If you are thinking about the future and planning for it financially, you may realize there is a lot to learn about your options. Having a will in place may not meet your goals for providing for your loved ones and protecting your wealth. Therefore, you may be considering adding a trust to your estate plan. A trust can offer certain benefits a will cannot, but you may not know that you have two distinct choices when it comes to the type of trust you want to establish.

A trust is an important estate planning tool into which you can fund your assets to protect them from certain negative ramifications. A trust can either be revocable or irrevocable, and choosing which form to use can be a complex decision. Each type of trust has its unique benefits, and each comes with disadvantages it is wise to consider carefully.

Revocable trusts have good and bad points

Since the trust effectively becomes the owner of your assets, your special circumstances will best determine which type will work for you. For example, if you decide on a revocable trust, you maintain control over the assets which you fund to the trust. You may add or remove assets as you wish, so you always have access to your property. Additionally, the terms of your trust go into effect immediately after your passing or if you should become incapacitated.

However, the flexibility of the revocable trust can also be a disadvantage. Because you maintain access to the funds and properties you have funded to the trust, your estate may not escape any tax burdens attached to those assets. Additionally, those funds are not safe if you fall into trouble with creditors.

Irrevocable trusts for more protection, less flexibility

Once you title assets to an irrevocable trust, they remain in the trust and are no longer part of your estate. This may seem like a downside, but it is actually the main reason why some people choose this type of trust. The assets now belong to the trust permanently, so they are not on the table for creditors, and they are not included in the value of your estate when it comes to calculating taxes.

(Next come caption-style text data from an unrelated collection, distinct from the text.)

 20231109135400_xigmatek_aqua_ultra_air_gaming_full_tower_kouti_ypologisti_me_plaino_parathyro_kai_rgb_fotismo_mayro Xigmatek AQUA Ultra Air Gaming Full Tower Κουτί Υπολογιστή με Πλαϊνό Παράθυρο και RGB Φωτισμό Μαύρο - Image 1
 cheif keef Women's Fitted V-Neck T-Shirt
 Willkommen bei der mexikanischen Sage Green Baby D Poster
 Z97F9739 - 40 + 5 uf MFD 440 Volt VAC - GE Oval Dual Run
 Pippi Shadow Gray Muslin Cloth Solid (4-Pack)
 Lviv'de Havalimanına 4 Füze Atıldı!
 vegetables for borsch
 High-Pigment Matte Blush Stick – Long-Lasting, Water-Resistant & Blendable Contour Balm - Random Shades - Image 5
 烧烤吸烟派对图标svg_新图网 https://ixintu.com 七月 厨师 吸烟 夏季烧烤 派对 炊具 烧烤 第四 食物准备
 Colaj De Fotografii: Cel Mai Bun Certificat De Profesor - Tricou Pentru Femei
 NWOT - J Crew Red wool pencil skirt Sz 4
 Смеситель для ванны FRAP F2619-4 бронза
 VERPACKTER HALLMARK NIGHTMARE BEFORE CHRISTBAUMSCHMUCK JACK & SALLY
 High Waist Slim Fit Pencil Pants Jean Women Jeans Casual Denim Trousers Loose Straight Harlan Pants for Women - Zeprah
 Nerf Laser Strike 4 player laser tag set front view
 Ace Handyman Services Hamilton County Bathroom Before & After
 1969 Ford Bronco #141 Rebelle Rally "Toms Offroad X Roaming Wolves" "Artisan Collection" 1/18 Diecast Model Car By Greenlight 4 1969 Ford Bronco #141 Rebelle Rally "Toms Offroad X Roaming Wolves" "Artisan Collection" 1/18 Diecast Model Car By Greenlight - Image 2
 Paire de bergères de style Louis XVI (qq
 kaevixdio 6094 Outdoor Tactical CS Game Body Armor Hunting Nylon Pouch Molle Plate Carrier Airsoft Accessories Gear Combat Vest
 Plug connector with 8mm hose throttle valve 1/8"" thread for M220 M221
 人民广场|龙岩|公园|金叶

You can create terms of the trust to benefit your heirs, but any assets funded to an irrevocable trust are no longer at your disposal for personal use. If this is a factor that seems frustrating to you, an irrevocable trust may not be in your best interests. However, before making a decision about either type of trust, it is wise to obtain as much information as possible and to discuss your personal circumstances and goals with an experienced estate planning professional.